So, of course Buzz Bissinger’s little tirade — which should be making the Youtube rounds any minute now — has aroused a few passions here. First thought was anger. Second thought was incredulity. Third thought was sadness, or some semblance of it, that Bissinger can be such an interesting writer and still so extremely out of touch. The last thought, I think, the one I’ve settled on, is merely resignation. Bissinger, and the hordes of old Murray Chass-types cheering him on last night, are beyond any convincing. Buzz Bissinger isn’t going to listen to reason about blogs. He’s not going to spend some time exploring. He’s just going to get scared and swear at you and say extremely stupid, inarticulate things, something that should be a crime for someone who’s spent, as he proudly proclaimed, “40 years perfecting his craft.” (40 years of respect, Buzz? That’s them, drizzling down the drain.)
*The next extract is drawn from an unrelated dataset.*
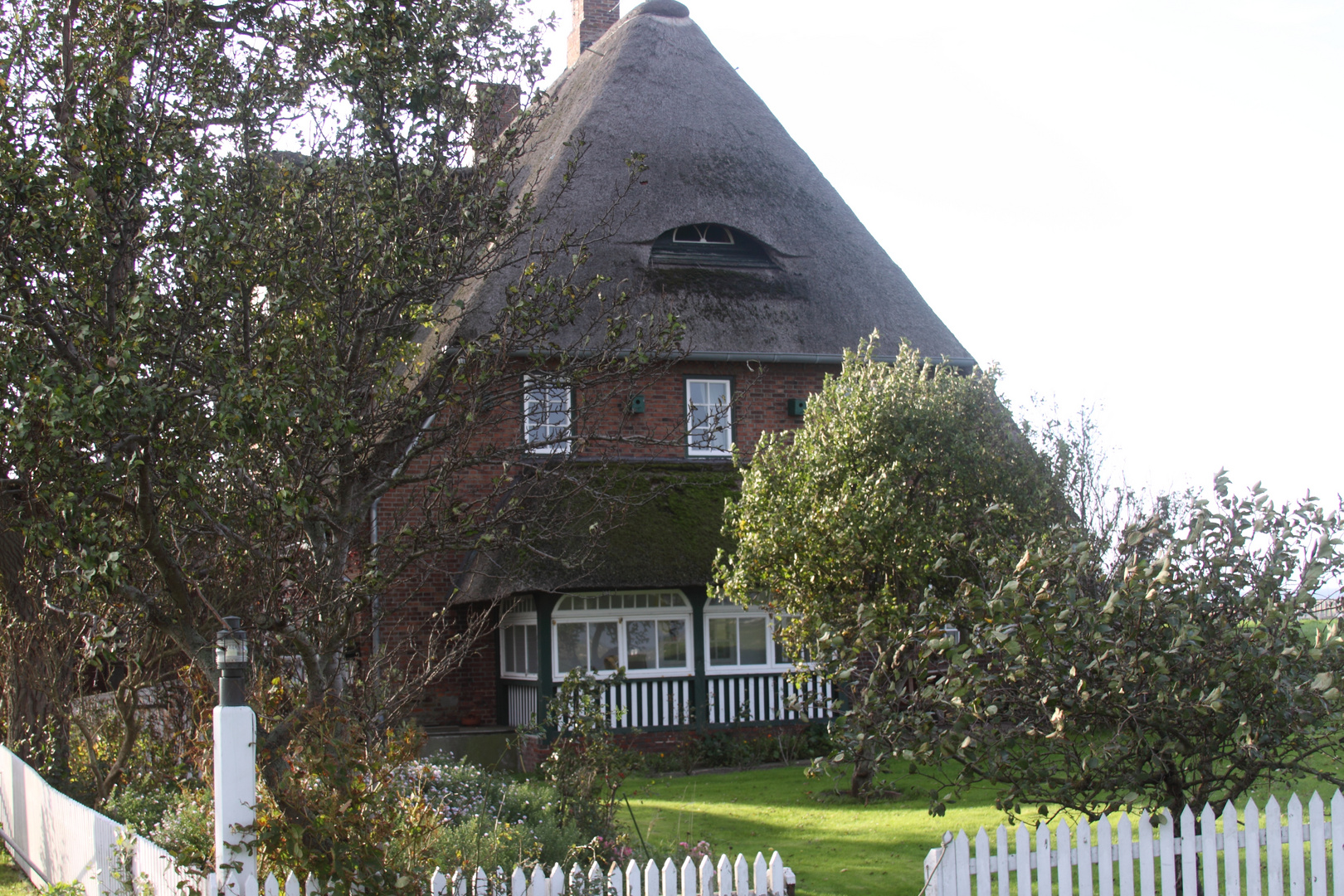 Pfarrhaus Evang. luth. Kirche Sankt Johannis - Hallig Hooge - Kirchwarft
Anyway, it’s resignation. There’s no point in trying to convince people that feel as Bissinger does. There’s no point in getting as worked up as Bissinger did. Because unlike them, we understand not only the past but the future. Bissinger only sees the past, fears the future, and has lost sight of both in the meantime. He and his ilk have failed to adapt, or they will continue to fail, and like all creatures that fail to adapt, they will die off. We thank them for the contributions and wish them luck with swift, painless, metaphorical death.

Feel that, Buzz? Cold, isn’t it? That’s the gloaming. I would tell you to embrace it, but you already have.

Oh, and it’s Big Daddy DREW, you dumb fuck.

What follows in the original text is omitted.